It may be argued that Indians have a cold or negative attitude towards privacy because they are too many and have been living in joint families and closely knitted communities. They have evolved in a cultural environment which is incompatible if not hostile towards individual privacy. Their household size is large compared to many other societies. But one can ask whether the large household size or a big joint family is the outcome of negative attitude towards privacy? Also, one can also ask whether in old times, the design of houses were friendly to individual privacy?

There are few personal experiences I had from childhood which shows this coldness towards personal privacy. I used to stay alone, sit in the corner and watch people in my house which was a joint family. Some old ladies would come to our home and tell my mom that I might be a mentally retarded kid since I didn’t play with other children. In fact,  in villages there is hardly any privacy at homes. The houses are not designed to protect privacy of its member, not even from outsider. Anyone from neighborhood can come and go freely. Though their are social norms one has to follow e.g. if a house has young girls and newly wedded brides then males are not allowed inside house without informing the lady-of-the-house or without making some noises at the door (using artificial coughing) but old women can come and go any-time and any-place without any restriction.

In our colleges, the urbane places, attitudes towards privacy are hardly different. Most of the colleges will not give single room to a single person, perhaps due to resource constraint. In my hostel a room is given to one student. There might be some other institutes in country where a room is alloted to an individual rather than to a group of students. Even in such hostels, at any given time, you will find that the hostel room is either empty or occupied by more than one; usually chating, watching movies, cracking jokes and laughing etc. This is an usual and very much expected behavior. Once a person knocked at my room and asked about some student’s room number. When I told him that I do not know about any of the students living here, he could not digest it. He asked with a amusing surprise on his face, "You do not know your neighbors?"

For some it could a boon. A Japanese anthropologist, Chie Nakane, was delighted by this lack of privacy among a West Bengal Village. Japanese do not have extensive kinship like Chinese and Indians do. They place a certain value on privacy within the domestic domain. No such value is placed here. Nakane was with a lady who could go to any house, moved freely and easily, and could show her their possessions at she was in her house. As a Japanese she was shell-shocked, but was delighted as an anthropologist.

The point here is that the ‘desire of privacy which may be more than the desire to be alone at certain place at certain time is best viewed with suspicion in India’ [2]. If you put a lot of premium on your privacy and are of seclusive nature; then you will be seen as an oddity at best, or some arrogant or a mentally retarded person. Outcome of such neglect of privacy could be anything but helpful for intellectual growth of an individual. Indian, who grows up in the company of others, tends to be emotionally depended on their peer group to an unusual degree. He would prefer to do anything but to remain alone even though he is aware that he is not getting any time for himself. Here is an example.

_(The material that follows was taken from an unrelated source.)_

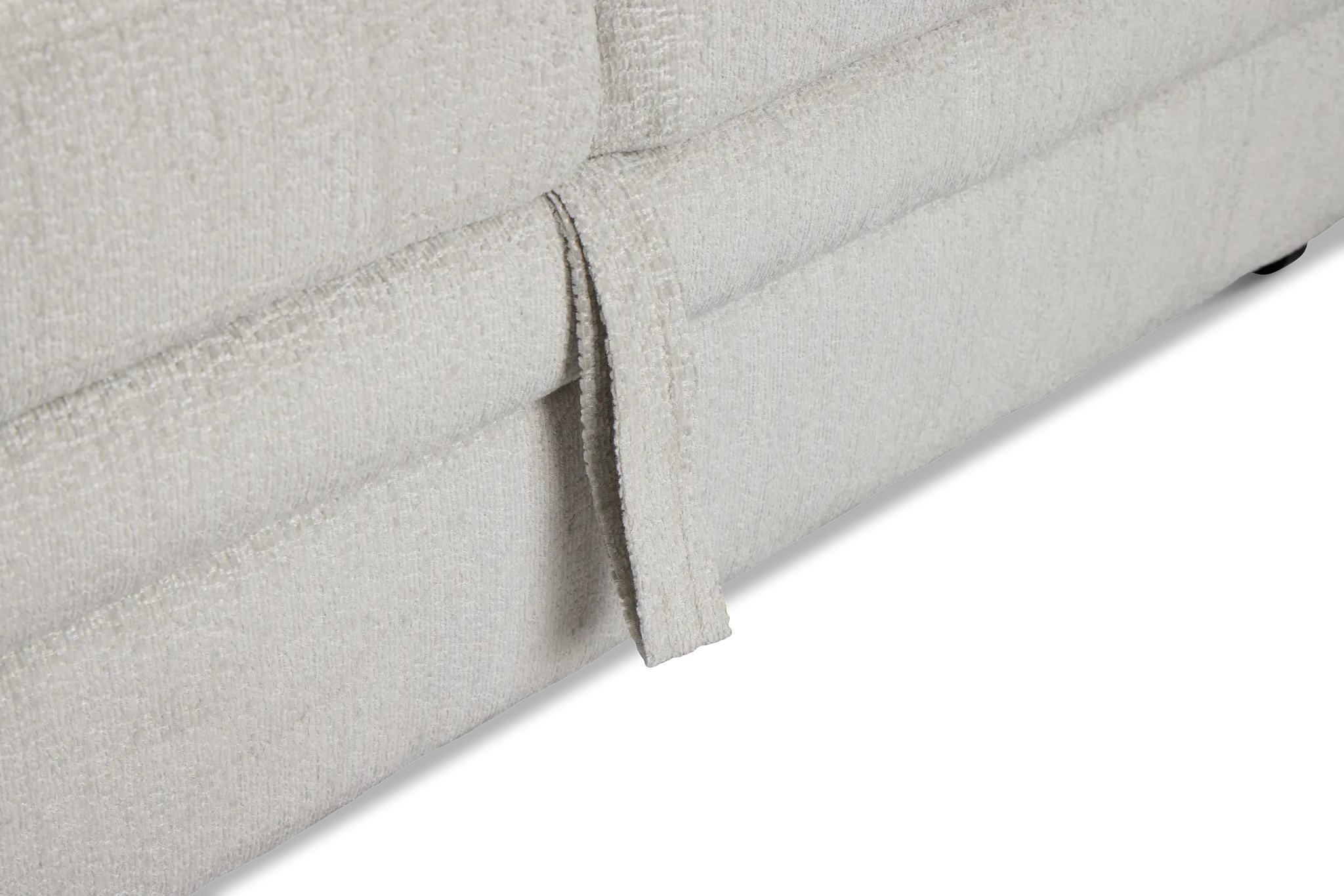 Everly Gray Fabric Small 2-arm Left Sleeper Storage Sectional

It is paradoxical that our students are so vocal about the problem what they call ‘peer pressure’. But the same student who can elaborate the problem so nicely (as our economists and politicians do with problems of farmers and tribal) find herself helpless when the day to make a choice which is different than traditionally made choices. It is possible that so called ‘peer pressure’ which can be seen as another fallout of lack of privacy.  This predisposition towards ‘you think therefore I am‘ [1] is so deeply rooted that it forces them to sacrifice their individualism for some praise and approval they could extract from their peer group. The career they tends to pick does not seem to be choice taken by an individual free will but it looks like that their options are rather dictated by the classmates or peer groups.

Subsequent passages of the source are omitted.